Output exactly those lines of the data that lie between the line containing "3 BEDROOM TOWNHOUSE" and the final line, both ends counted.

---

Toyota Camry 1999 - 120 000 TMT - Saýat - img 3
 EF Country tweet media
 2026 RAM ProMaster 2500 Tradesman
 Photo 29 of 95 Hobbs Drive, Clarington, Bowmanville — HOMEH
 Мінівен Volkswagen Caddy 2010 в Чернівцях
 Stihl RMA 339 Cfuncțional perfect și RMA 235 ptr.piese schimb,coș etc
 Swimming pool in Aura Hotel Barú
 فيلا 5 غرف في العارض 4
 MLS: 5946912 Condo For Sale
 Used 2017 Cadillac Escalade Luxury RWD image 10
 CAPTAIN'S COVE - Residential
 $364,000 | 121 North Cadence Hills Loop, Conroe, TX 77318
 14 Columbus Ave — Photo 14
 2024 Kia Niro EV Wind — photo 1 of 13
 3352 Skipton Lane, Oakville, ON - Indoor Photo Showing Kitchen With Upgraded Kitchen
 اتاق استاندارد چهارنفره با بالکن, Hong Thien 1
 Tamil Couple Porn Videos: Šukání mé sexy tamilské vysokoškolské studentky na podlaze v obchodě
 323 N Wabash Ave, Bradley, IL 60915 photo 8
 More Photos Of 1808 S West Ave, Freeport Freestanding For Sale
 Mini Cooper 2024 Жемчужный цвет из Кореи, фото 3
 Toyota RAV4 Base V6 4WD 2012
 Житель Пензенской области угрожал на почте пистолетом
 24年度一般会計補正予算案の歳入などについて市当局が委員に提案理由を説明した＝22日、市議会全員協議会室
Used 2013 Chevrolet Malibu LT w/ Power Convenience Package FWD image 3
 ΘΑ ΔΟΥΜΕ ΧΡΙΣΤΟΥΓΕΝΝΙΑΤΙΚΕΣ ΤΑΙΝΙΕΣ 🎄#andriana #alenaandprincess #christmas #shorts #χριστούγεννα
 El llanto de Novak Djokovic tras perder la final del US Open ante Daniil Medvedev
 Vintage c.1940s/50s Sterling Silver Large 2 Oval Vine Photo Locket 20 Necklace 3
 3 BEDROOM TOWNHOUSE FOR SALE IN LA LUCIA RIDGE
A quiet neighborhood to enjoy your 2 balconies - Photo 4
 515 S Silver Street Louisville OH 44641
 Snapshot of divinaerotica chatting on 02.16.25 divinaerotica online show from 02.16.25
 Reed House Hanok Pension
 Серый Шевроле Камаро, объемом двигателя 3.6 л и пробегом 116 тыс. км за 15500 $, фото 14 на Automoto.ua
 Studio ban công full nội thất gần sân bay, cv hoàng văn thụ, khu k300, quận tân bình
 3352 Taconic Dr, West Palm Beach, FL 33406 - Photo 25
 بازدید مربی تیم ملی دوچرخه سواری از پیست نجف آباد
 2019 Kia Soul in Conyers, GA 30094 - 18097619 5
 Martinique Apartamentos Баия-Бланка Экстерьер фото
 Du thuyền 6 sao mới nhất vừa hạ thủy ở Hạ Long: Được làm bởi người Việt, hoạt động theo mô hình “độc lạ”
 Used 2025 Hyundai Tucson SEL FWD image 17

---

— Response to the exercise —
 3 BEDROOM TOWNHOUSE FOR SALE IN LA LUCIA RIDGE
A quiet neighborhood to enjoy your 2 balconies - Photo 4
 515 S Silver Street Louisville OH 44641
 Snapshot of divinaerotica chatting on 02.16.25 divinaerotica online show from 02.16.25
 Reed House Hanok Pension
 Серый Шевроле Камаро, объемом двигателя 3.6 л и пробегом 116 тыс. км за 15500 $, фото 14 на Automoto.ua
 Studio ban công full nội thất gần sân bay, cv hoàng văn thụ, khu k300, quận tân bình
 3352 Taconic Dr, West Palm Beach, FL 33406 - Photo 25
 بازدید مربی تیم ملی دوچرخه سواری از پیست نجف آباد
 2019 Kia Soul in Conyers, GA 30094 - 18097619 5
 Martinique Apartamentos Баия-Бланка Экстерьер фото
 Du thuyền 6 sao mới nhất vừa hạ thủy ở Hạ Long: Được làm bởi người Việt, hoạt động theo mô hình “độc lạ”
 Used 2025 Hyundai Tucson SEL FWD image 17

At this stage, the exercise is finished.